*PROMPT*
Give again, word for word, each line below starting at the one that contains "Casa Velhinha - Design, Culture" and ending at the one that contains "Photo - 4740 Spring Brook Ct".

═══ ENTRIES SHOWN

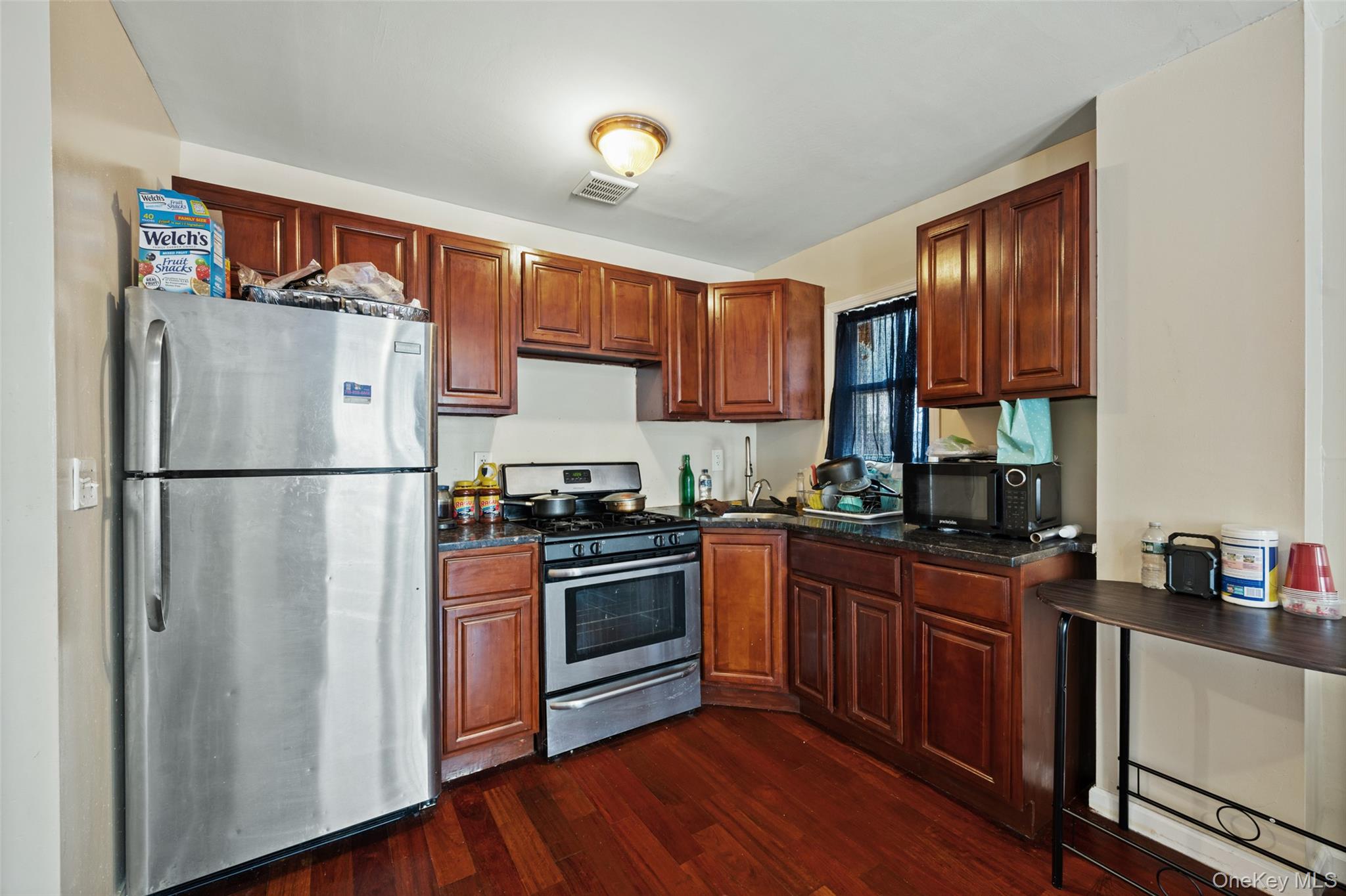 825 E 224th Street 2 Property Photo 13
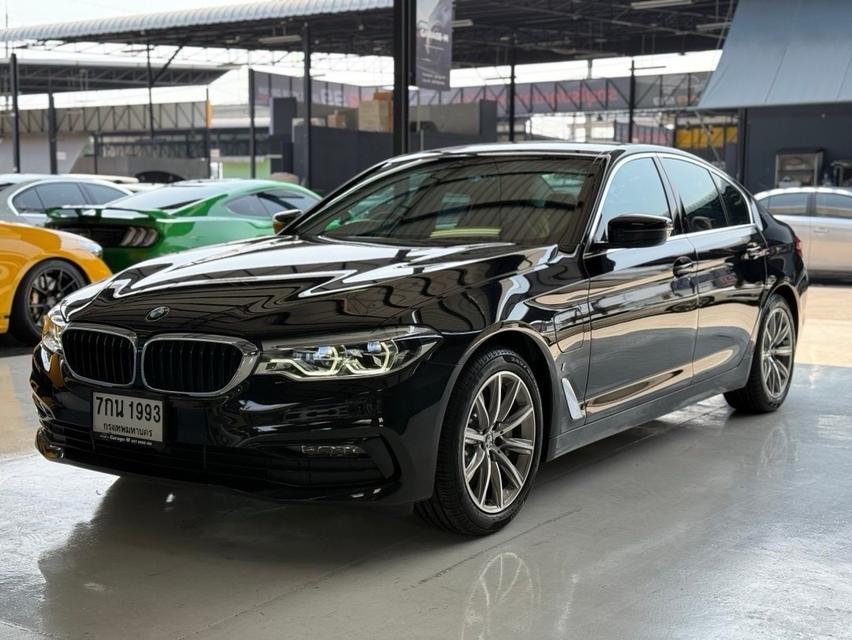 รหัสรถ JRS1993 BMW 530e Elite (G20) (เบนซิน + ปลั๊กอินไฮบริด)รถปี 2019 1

══════
═══ ENTRIES SHOWN

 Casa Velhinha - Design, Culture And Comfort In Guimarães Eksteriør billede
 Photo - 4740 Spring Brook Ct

══════
═══ ENTRIES SHOWN

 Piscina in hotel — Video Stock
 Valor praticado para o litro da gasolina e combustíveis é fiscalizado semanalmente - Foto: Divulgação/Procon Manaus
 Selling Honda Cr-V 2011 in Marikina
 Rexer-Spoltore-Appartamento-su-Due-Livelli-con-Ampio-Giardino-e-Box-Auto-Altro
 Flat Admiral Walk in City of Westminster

══════

*RESPONSE AREA*
 Casa Velhinha - Design, Culture And Comfort In Guimarães Eksteriør billede
 Photo - 4740 Spring Brook Ct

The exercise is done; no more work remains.